Encontré una excusa para contar mi primera incursión en el cine. Se estrena una película de los redonditos. El alucinante viaje de Patricio Rey y sus redonditos de ricota Tiene imágenes viejas, no las que le robaron a Rocambole, son las que cedió Beilinson. La notadice, la copio con estilos y todo:

–¿Y Guillermo?
–En un momento, todo indicaba que había que hablar con él, por todo lo que significó y motorizó al grupo, porque generaba situaciones y hacía que las cosas sucedieran.
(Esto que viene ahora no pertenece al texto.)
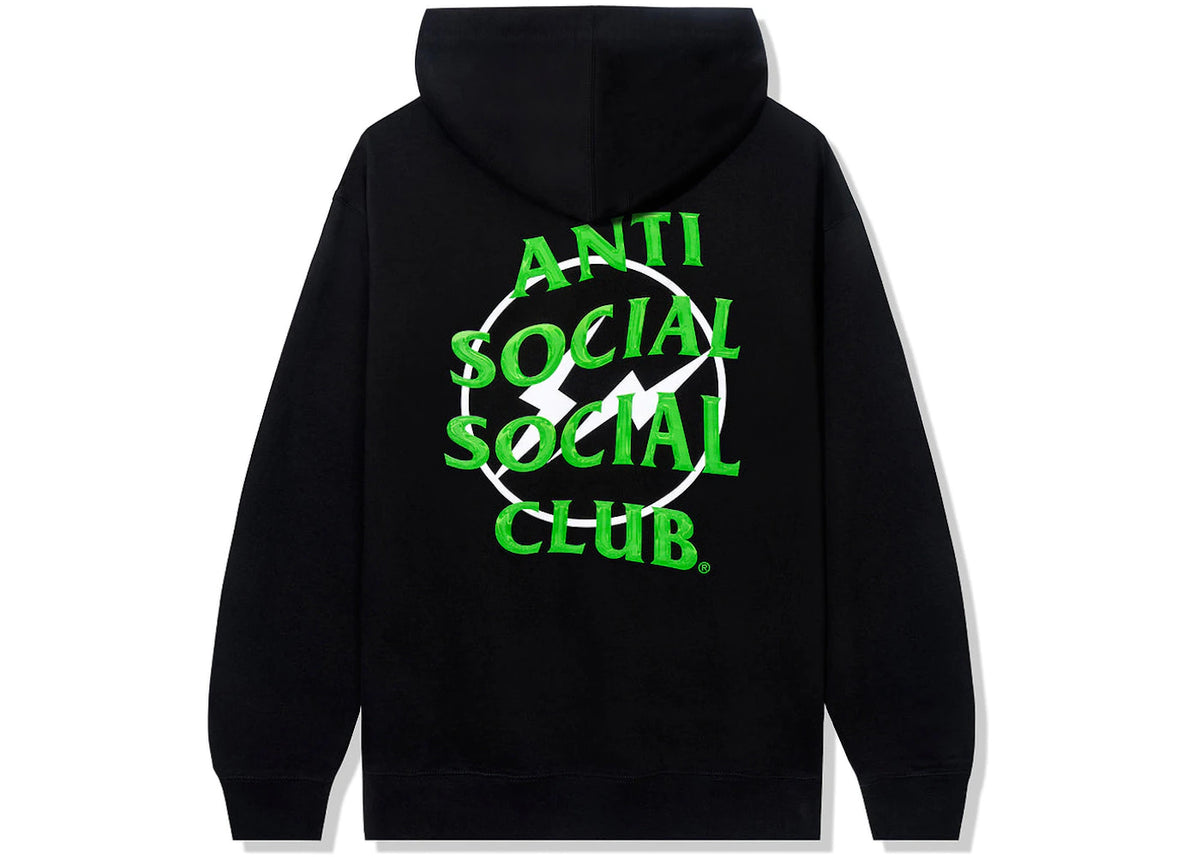 Anti Social Social Club x Fragment Precious Petals Hoodie (FW22) Black Green - vue secondaire B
Habíamos intentado dar con él y no habíamos podido ubicarlo, pero de pronto un día estábamos desgrabando unos reportajes a Rocambole y Fenton, y ¡justo los dos entrevistados lo mencionaron al mismo instante! Nos miramos y decidimos llamarlo ahí mismo. Le dijimos que estábamos haciendo un documental y sabíamos de la existencia de sus filmaciones, y que nos gustaría entrevistarlo. En ese momento nos dijo que no quería dar entrevistas, pero que las películas las tenía y que al volver de un viaje nos mostraría el material. Esperamos un mes y medio, fuimos a verlo a su casa y nos dio unos VHS viejos.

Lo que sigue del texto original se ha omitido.